Menangkal Sampah Informasi di Media Massa

Author

Hoax dan ujaran kebencian yang berpotensi menggerus keutuhan Bangsa Indonesia membanjiri warga Indonesia melalui media sosial. Apakah media massa bisa menjadi medium untuk mengembalikan ke “jalan yang benar” agar menjadi warga negara yang beradab?

Saat ini, salah satu persoalan serius yang dihadapi masyarakat Indonesia adalah kualitas kewarganegaraannnya yang makin menurun. Masyarakat semakin tidak civilized (mudah melakukan kekerasan dan melanggar aturan dan lain-lain), intoleran dan lupa dengan prinsip-prisip nilai yang dijadikan dasar dalam hidup bernegara dan berbangsa. Saya pernah membaca di sebuah wall Facebook milik seorang anak SMA yang intinya kira-kira seperti ini,”Toleransi ya toleransi tetapi mengapa harus membantu membersihkan tempat ibadah milik umat agama lain yang berbeda.”

Nah, apa yang salah dengan membersihkan tempat ibadah dari agama lain?

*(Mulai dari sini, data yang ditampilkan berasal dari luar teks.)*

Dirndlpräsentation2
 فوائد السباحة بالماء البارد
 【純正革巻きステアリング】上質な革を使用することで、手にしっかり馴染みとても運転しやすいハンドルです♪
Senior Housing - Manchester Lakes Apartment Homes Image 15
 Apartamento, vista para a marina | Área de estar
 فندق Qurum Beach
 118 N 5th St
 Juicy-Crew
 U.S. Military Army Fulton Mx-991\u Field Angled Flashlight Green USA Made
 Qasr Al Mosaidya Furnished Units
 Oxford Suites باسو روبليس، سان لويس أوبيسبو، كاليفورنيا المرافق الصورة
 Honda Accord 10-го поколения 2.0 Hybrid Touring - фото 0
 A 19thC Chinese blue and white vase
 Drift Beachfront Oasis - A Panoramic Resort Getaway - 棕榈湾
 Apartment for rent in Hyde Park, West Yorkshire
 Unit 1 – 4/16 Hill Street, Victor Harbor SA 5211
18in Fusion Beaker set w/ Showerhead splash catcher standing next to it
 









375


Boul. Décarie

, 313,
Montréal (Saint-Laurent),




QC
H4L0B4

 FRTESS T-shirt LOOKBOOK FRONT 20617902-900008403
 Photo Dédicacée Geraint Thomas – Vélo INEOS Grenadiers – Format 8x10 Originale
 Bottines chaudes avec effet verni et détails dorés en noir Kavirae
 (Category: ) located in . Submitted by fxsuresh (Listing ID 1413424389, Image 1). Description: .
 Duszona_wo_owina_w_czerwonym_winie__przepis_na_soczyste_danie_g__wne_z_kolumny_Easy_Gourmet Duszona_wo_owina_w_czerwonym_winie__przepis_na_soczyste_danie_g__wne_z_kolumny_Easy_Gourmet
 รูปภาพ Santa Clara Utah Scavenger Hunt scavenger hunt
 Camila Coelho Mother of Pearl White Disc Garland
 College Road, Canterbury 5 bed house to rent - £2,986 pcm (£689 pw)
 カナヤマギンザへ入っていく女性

Munculnya media sosial tidak memperbaiki tetapi justru memperburuk kualitas kewarganegaraan Bangsa Indonesia. Salah satu faktor penyebabnya adalah karena literasi masyarakat kita masih sangat rendah sehingga tidak memiliki basis pengetahuan yang kuat. Akhir pekan lalu, Sabtu (11/8) saya bicara di depan sekitar 30 mahasiswa baru di sebuah universitas swasta terkenal di Yogyakarta, tidak ada satu pun yang pernah membaca buku “Bumi Manusia” karya Pramoedya Ananta Toer. Bahkan Iqbal, pemeran Minke dalam film “Bumi Manusia” (yang sedang dibuat) baru membaca novel itu saat sekolah di Amerika Serikat! Mereka tidak salah, yang salah adalah sistem pendidikan di Indonesia yang lebih menonjolkan aspek menghapal. Literasi yang rendah ini menyebabkan masyarakat tidak memiliki intelektualitas yang cukup sehingga mudah membuat dan menerima informasi hoax (dari masyarakat untuk masyarakat). Dalam situasi seperti ini mereka mudah terperangkap dalam fenomena post truth, cenderung berpandangan populisme kanan sehingga menggerus nilai-nilai ke-Indonesia-an yang seharusnya menjadi pegangan. Informasi yang bermuatan intoleransi, menghina, hoax dan lain sebagainya mudah beredar karena hampir seluruh masyarakat Indonesia memiliki smarthphone, bahkan jumlahnya melebihi jumlah penduduk Indonesia. Ada 371,4 juta smartphone di Indonesia, padahal jumlah penduduk Indonesia sekira 262 juta (katadata.co.id, 29 Agustus 2017). Sementara itu hampir setengah dari penduduk Indonesia sudah menggunakan internet. Laporan Tetra Pak Index (2017) menyebutkan ada 132 juta orang yang sudah mengakses internet, 106 juta diantaranya menggunakan media sosial. Mayoritas yang menggunakan internet adalah generasi milenial dan generasi Z (detikcom, Rabu 27 September 2017). Kombinasi antara literasi yang rendah dan “mendadak” bisa mengakses teknologi informasi menyebabkan hoax merajalela. Departemen Komunikasi dan Informatika (Kominfo) mengatakan jumlah hoax mencapai sekitar 800 ribu per tahun. (IDN Times.com, 14 Maret 2018).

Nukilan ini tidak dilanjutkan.